Highest mass capture measurement with radioactive beam

The DRAGON collaboration has recently performed an experiment measuring the strength of the 38K(p, γ)39Ca radiative proton capture reaction. This reaction is significant in oxygen-neon novae and can potentially have significant consequences for the abundances of 38Ar, 39K, and 40Ca. This region of the nuclear chart represents the probable end-point for nucleosynthesis in novae.
In the experiment, the investigators focused on measuring the strengths of three key resonances at center-of-mass energies of 386, 515, and 689 keV. At the highest energy, the experimenters observed a clear signal from 39Ca recoils. At the lower two energies, the team saw no clear sign of recoils, suggesting that the strengths of these resonances are too low to be observed in the approximately two weeks of beam time allotted to the experiment. However, more detailed analysis is required to check for indications of recoils at the lower energies.
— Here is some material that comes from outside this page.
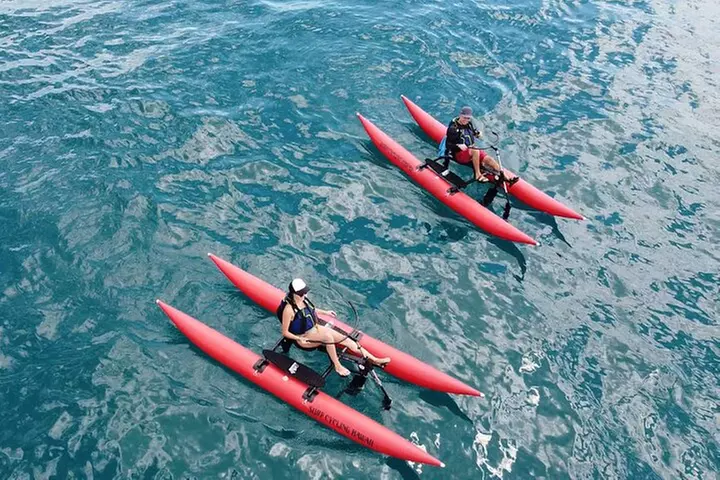 Water Bike Tour in Maui - Primary Image
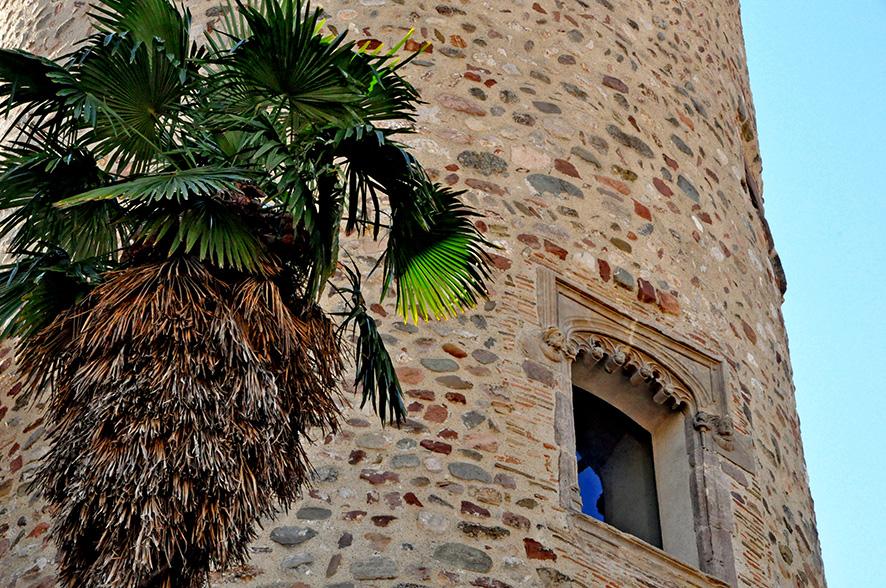 La Torre del Palau de Terrassa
The experiment represents a significant technical achievement, setting a new world record as the highest mass radiative capture experiment ever performed with a radioactive beam. Acceleration of the radioactive 38K ions to DRAGON required use of TRIUMF's new charge state booster, the first time this has been utilized for an accelerated beam experiment in the ISAC-I hall. The beam delivery was an astounding success, with approximately 5 × 107 particles per second of 38K delivered to the experiment.

Figure: Plot of time of flight through DRAGON vs. time of flight between the two micro-channel plates located in DRAGON's focal plane. The clustering of events circled in red is indicative of a clear signal from 39Ca recoils.